[Start of section]

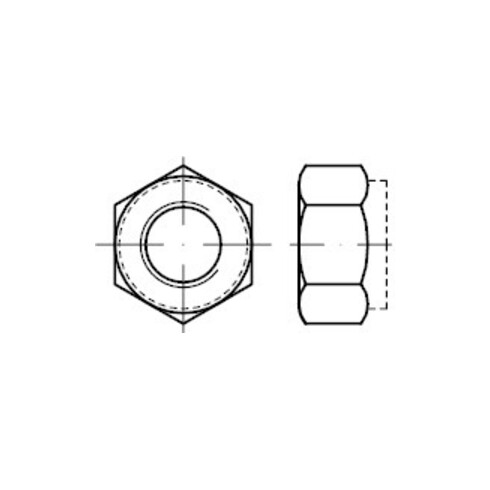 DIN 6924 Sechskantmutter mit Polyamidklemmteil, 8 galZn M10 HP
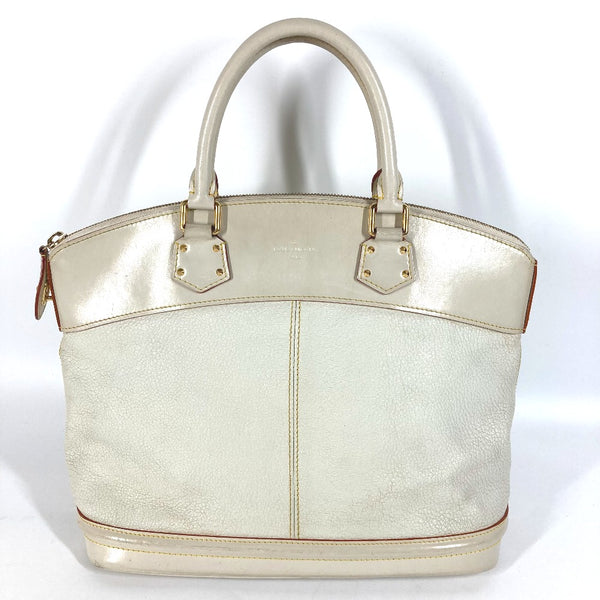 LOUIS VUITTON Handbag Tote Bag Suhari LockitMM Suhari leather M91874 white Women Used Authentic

[End of section]
[Start of section]

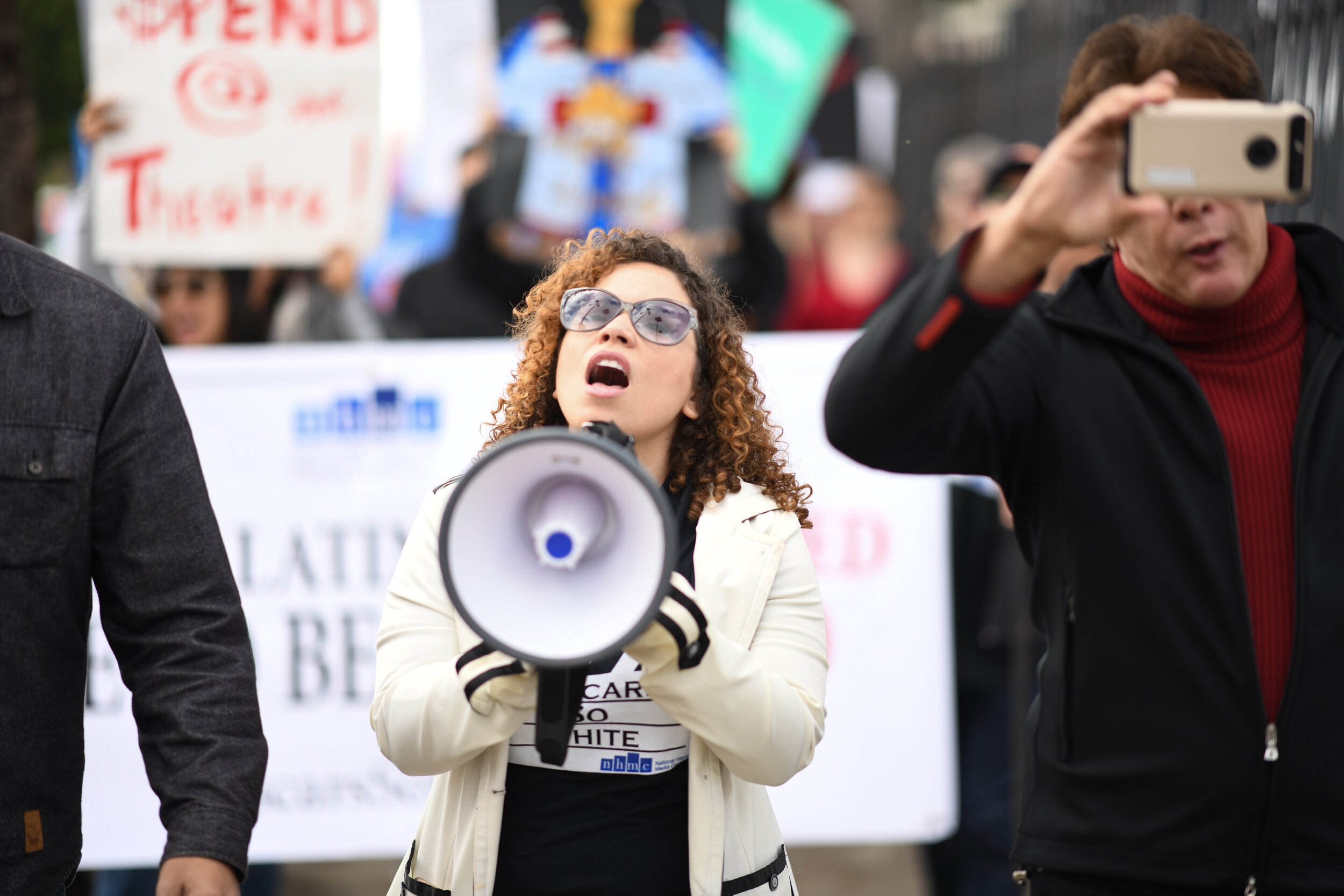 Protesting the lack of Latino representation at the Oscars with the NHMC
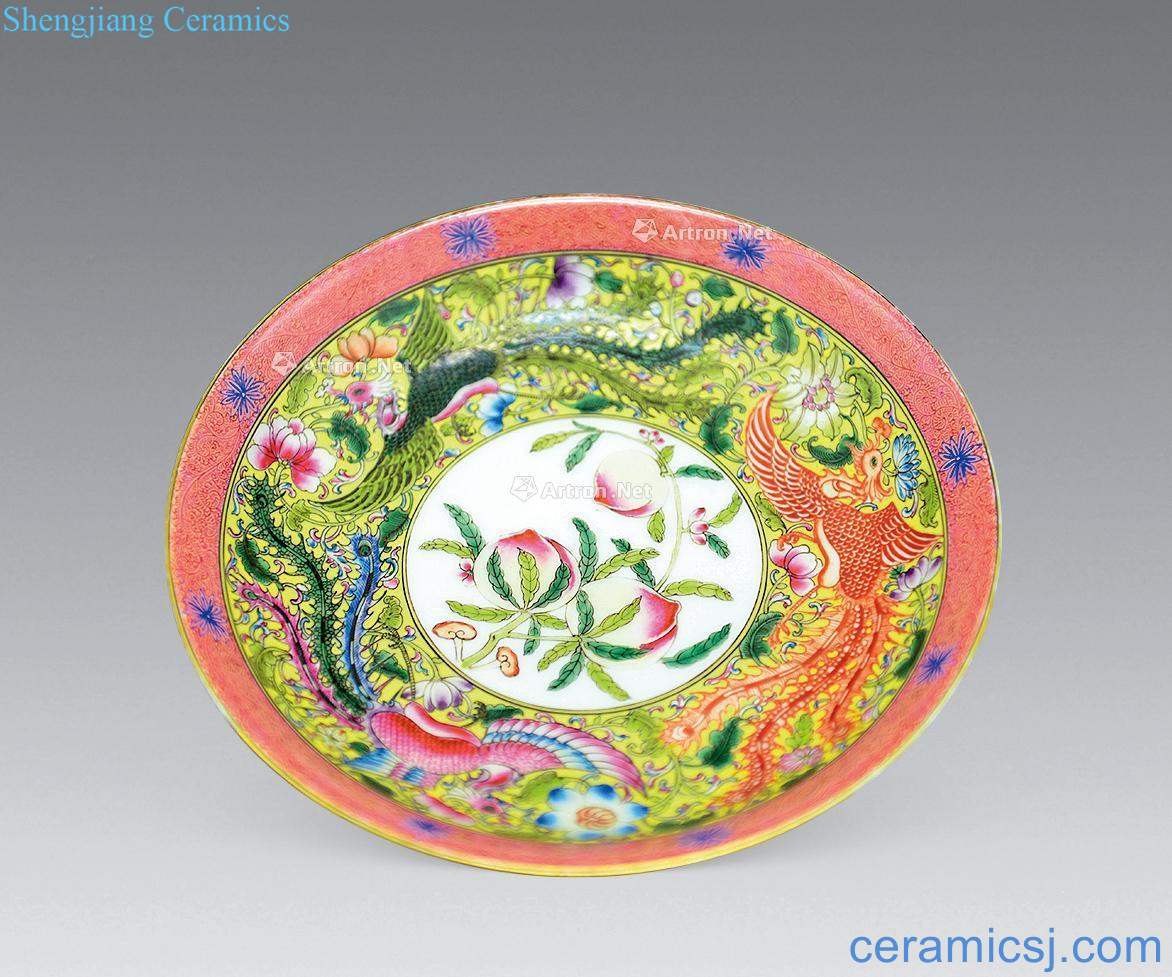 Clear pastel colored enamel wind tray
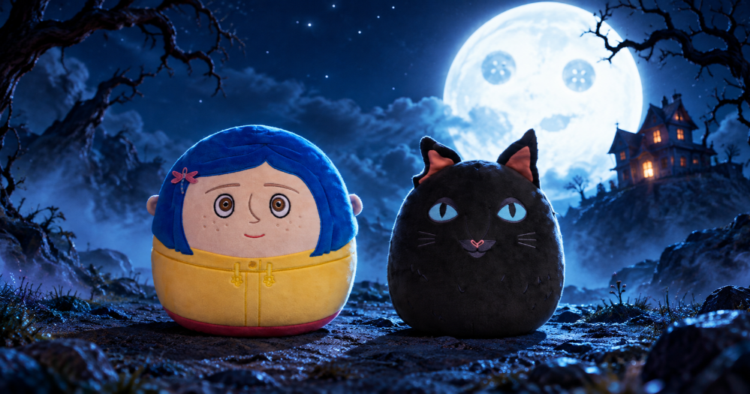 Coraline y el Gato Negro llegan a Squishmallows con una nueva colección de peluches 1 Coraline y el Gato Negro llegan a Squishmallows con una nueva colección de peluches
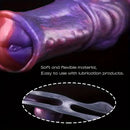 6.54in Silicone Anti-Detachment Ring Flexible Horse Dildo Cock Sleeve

[End of section]
[Start of section]

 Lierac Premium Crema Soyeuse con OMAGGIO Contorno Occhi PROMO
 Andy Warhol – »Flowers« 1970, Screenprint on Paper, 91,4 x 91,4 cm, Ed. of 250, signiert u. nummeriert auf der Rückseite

[End of section]

→ **How to complete this task**
Within the listing above, the lines starting at the one containing "Protesting the lack" and ending at the one containing "6.54in Silicone Anti-Detachment" are to be returned exactly. Omit the pictures.

→ **Final answer**
 Protesting the lack of Latino representation at the Oscars with the NHMC
 Clear pastel colored enamel wind tray
 Coraline y el Gato Negro llegan a Squishmallows con una nueva colección de peluches 1 Coraline y el Gato Negro llegan a Squishmallows con una nueva colección de peluches
 6.54in Silicone Anti-Detachment Ring Flexible Horse Dildo Cock Sleeve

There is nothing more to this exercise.